BEGIN
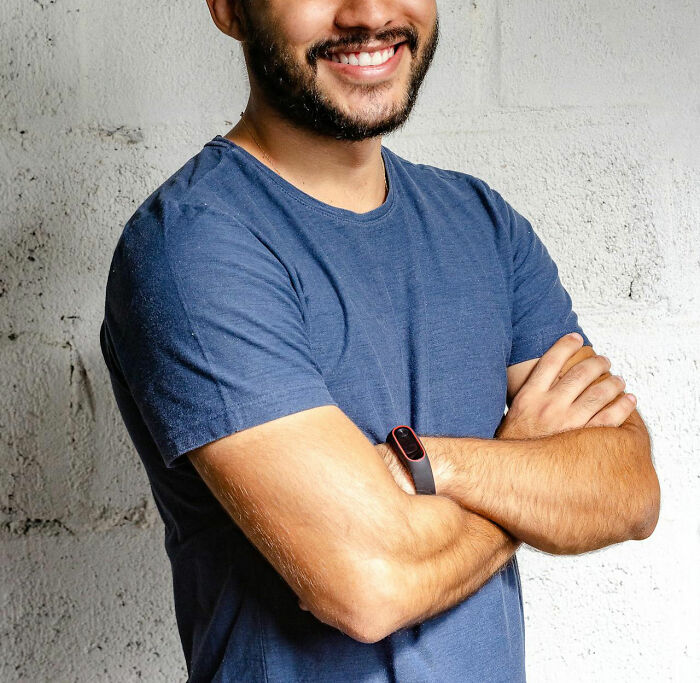 Man with arms crossed smiling confidently, symbolizing people who took revenge on their bosses. - 2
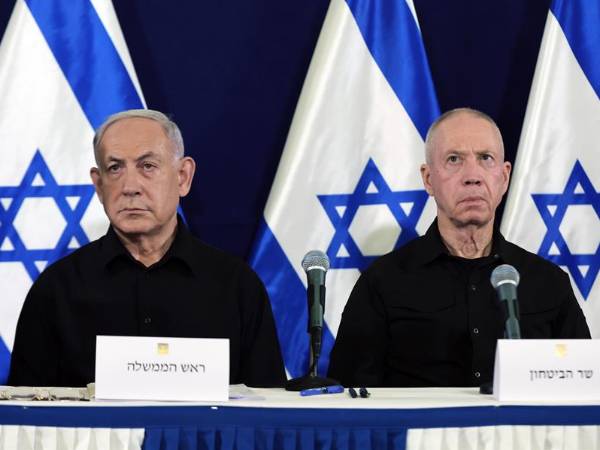 El primer ministro israelí, Benjamín Netanyahu, y su exministro de Defensa Yoav Gallant.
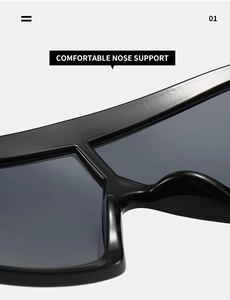 Detail of comfortable integrated nose support on oversized black fashion sunglasses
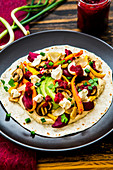 Tortilla with hummus, oven-roasted vegetables, avocado, crème fraîche and beetroot pesto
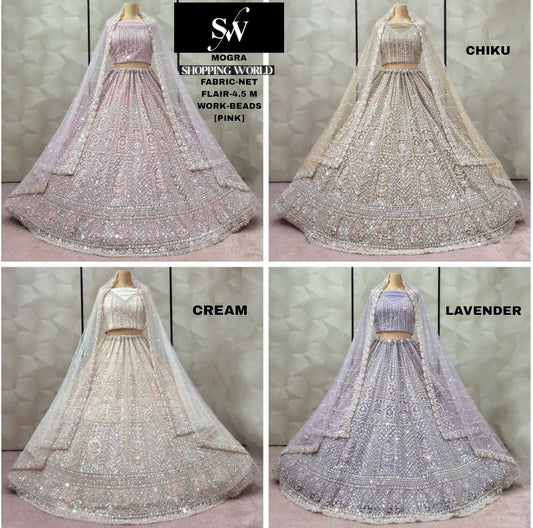 Something different Cream pink Chiku golden Lavender net lehenga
END
*YOUR ASSIGNMENT*: Keep pictures out and return the lines from the one containing "Detail of comfortable" through the end of the listing, both included, character for character.

*RESPONSE*:
 Detail of comfortable integrated nose support on oversized black fashion sunglasses
 Tortilla with hummus, oven-roasted vegetables, avocado, crème fraîche and beetroot pesto
 Something different Cream pink Chiku golden Lavender net lehenga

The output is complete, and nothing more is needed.